Erica: Filming and editing videos.

*Driver / navigator extraordinaire.

Cassie: TimeLineJS, StoryMap.

*Positive affirmation guide / spotter of beavers.


I’ve always described North Adams as “falling apart” and I’ve heard others doing the same. But what if there was another way of seeing it? What if it was just nature reclaiming abandoned man-made structures that we’ve given up on? What if nature was having a comeback in the Berkshires? Maybe we can start to live with nature instead of destroying nature. Maybe instead of moving on to destroy more land to replace something that has fallen apart… we can try to fix it first…

…like the beavers.




The Beginning

North Adams exists as a hub of activity, and commonly is called a “drive-through town.” Even the trains are driving from one place to another, trying to get to somewhere else, never stopping for long.

Much of North Adams is historic, run down, falling apart or somehow being “reclaimed by nature” if you prefer to romanticise it in that way. Old Victorians, falling apart, or apartment buildings marked with signs that say it is no longer safe to enter. One can walk into any old house and see dandelions peeking through the floorboards.  Or walk through the various historic sites, of the Hoosac Tunnel, perhaps, and see pieces of the past, where nature exists within history.

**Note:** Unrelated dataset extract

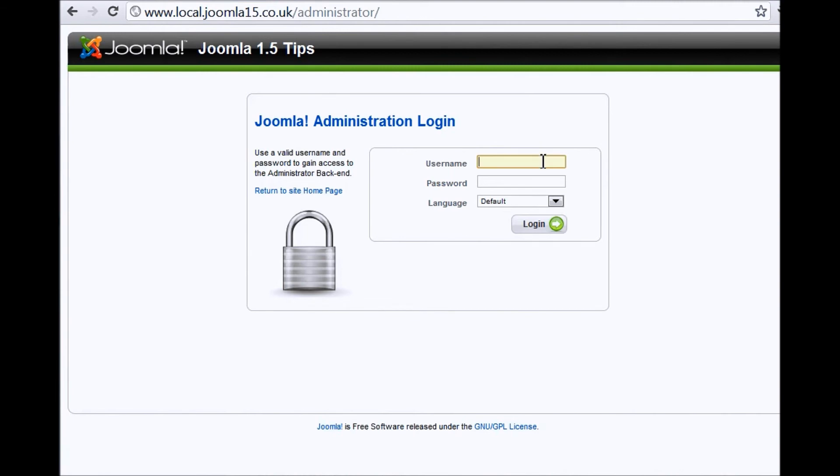So in our case, we're going to type in the username first. This username could be anything. In this situation, it's admin, but it's more likely to be possibly your name or something else.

Like the beavers who live alongside the West Portal, creating shapes, changing the landscape, and adding to it as parts break, we as humans do the same thing.

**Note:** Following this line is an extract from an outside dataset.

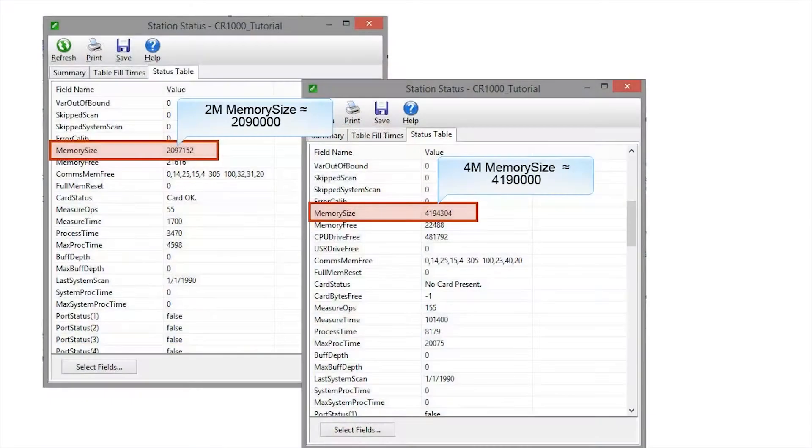We'll take a look at the second method of sending an OS to a data logger. Using this method, you can send the OS to a remote data logger — one that is on a telecommunications link. CR1000 and CR800 data loggers with two megs of SRAM cannot use this method. You will need to use the Device Configuration Utility and be directly connected to send an OS to those data loggers. Data loggers manufactured before September 2007 have a 2-meg memory. You can also check the memory size field in the status table.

The history of the Hoosac Tunnel is rich with individual narratives, horrible deaths, and more, which enable the stories of the tunnel to be all the more interesting. With the wide range of stories, there enables a wide range of materials to show them, including TimelineJS, Storymap, of course visual aspects such as video, and the more straightforward nature writing.

The Vault will play into our writings as well. The archives we have access to, mostly documents which have been scanned and posted online, will aid us in our research. Physical artifacts will help us as well, and the aid of the local historical society will be of great use to us.

We have also designated some responsibilities for the two of us.

Cassie: TimeLineJS, StoryMap, maintaining the blog/ writing pieces, research/ visiting the site.

Erica:  filming and editing videos, maintaining the blog/ writing pieces, research/ visiting the site.

The Hoosac Tunnel, although well known, has much that is no longer understood. In seeking the truths that the tunnel will tell, we may be able to see more than what even the builders themselves fully intended to show.